My Sierra Blanca in the sig pic was a great pickup for 11.5 years. I sold it a coupla years ago. I drove a hand-me-down 2003 F-150 SuperCrew 4.6L 2V for a while, but it was unacceptable for towing more than a rowboat. Replacement is a 2012 F-150 EcoBoost SuperCrew Lariat that tows my 5,000-pound TT like a dream.
minisprint, you don't need the Ford brand SCA or their special 3-way strips. Any quality SCA and test strip will work wonders in your PSD's, including the NAPA brand.
FW-16 (or FW-15, etc.) is not a specification. It is simply a Motorcraft part number like their FL-1995 oil filter. Ford only listed a SCA specification (ESN-M99B169-A) for a few select PSD's made in 2002, just prior to the introduction of their Gold coolant.

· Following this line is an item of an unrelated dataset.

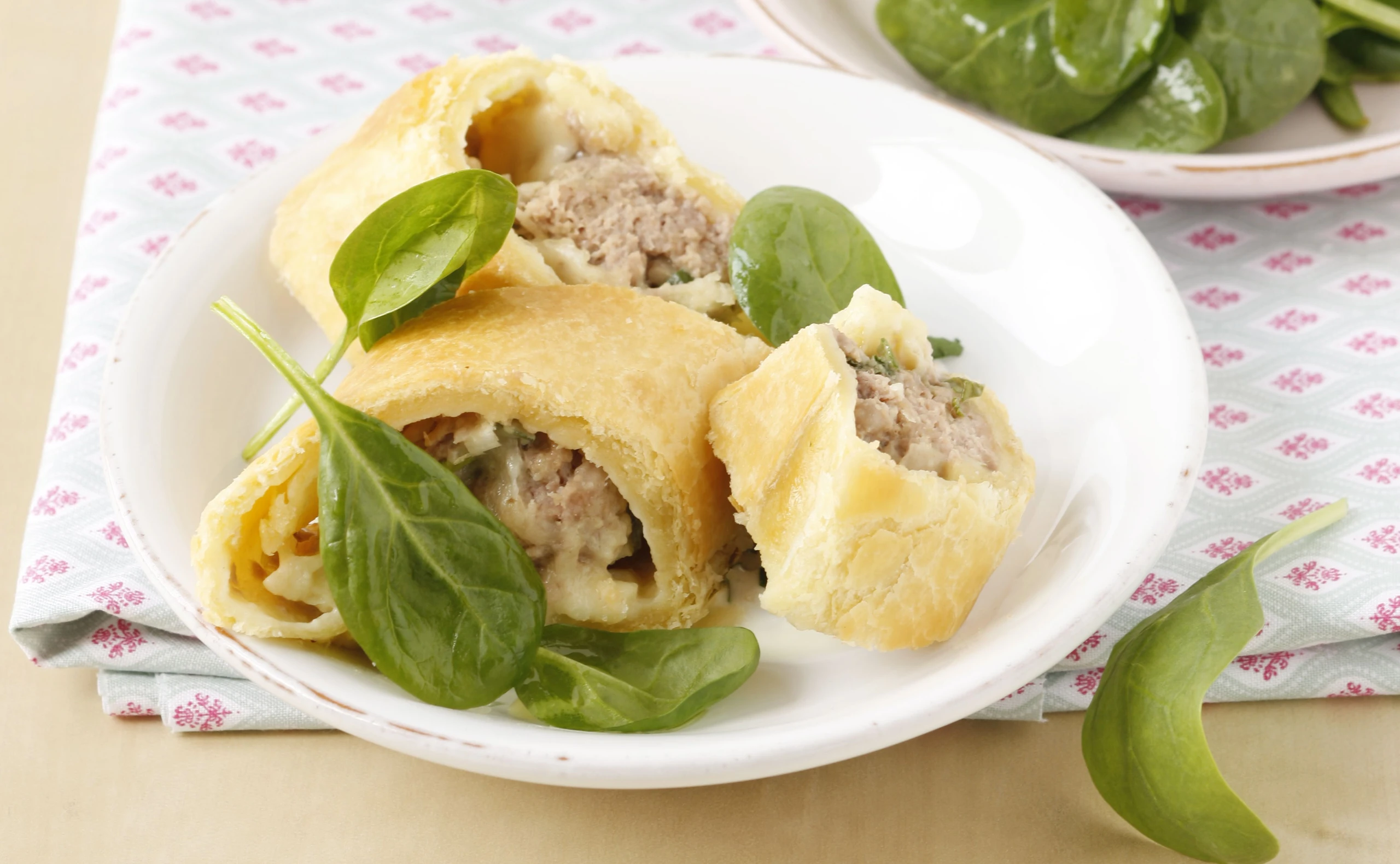 Fleisch-Mozzarellastrudel mit Kräutersauce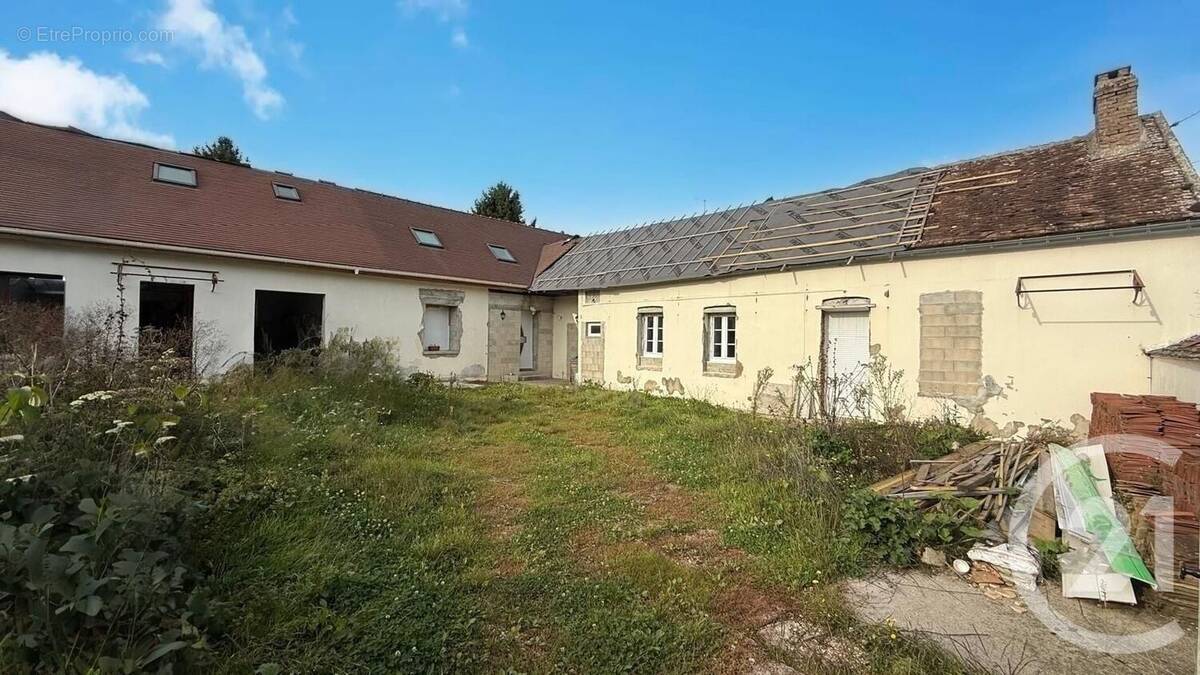 Maison à VILLETHIERRY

You can verify that for each model year HERE in the Owner's Diesel Supplement, and HERE with Ford's Green/Gold Service chart.
NAPA carries the original, and most widely used type of SCA in the world. It's the stuff heavy-duty diesel truckers use. It's easy to find and easy to test. My fleet experience shows that this type of SCA is less prone to over-dosing, has a longer life, provides better cavitation protection, and is easier on your water pump and cooling system. It is Nitrite-based. Nitrite is most important and primary cavitation inhibitor. Unlike Ford's stuff that can't be balanced on the Molybdate/Nitrite scale, it does not rely on "synergy" to work. I guarantee you will like it. [img]/ubbthreads/images/graemlins/cool.gif[/img]
If you need industry accepted conversions and test methods between the two types of SCA, or information from the SCA makers saying it's ok to mix different SCA's, I can PM you that.
BTW, the guys at NAPA don't deal with Ford's SCA part number. If you mention "Coolant Additive", "Coolant Conditioner", "Supplemental Coolant Additive", or NAPACool, they'll know exactly what you want.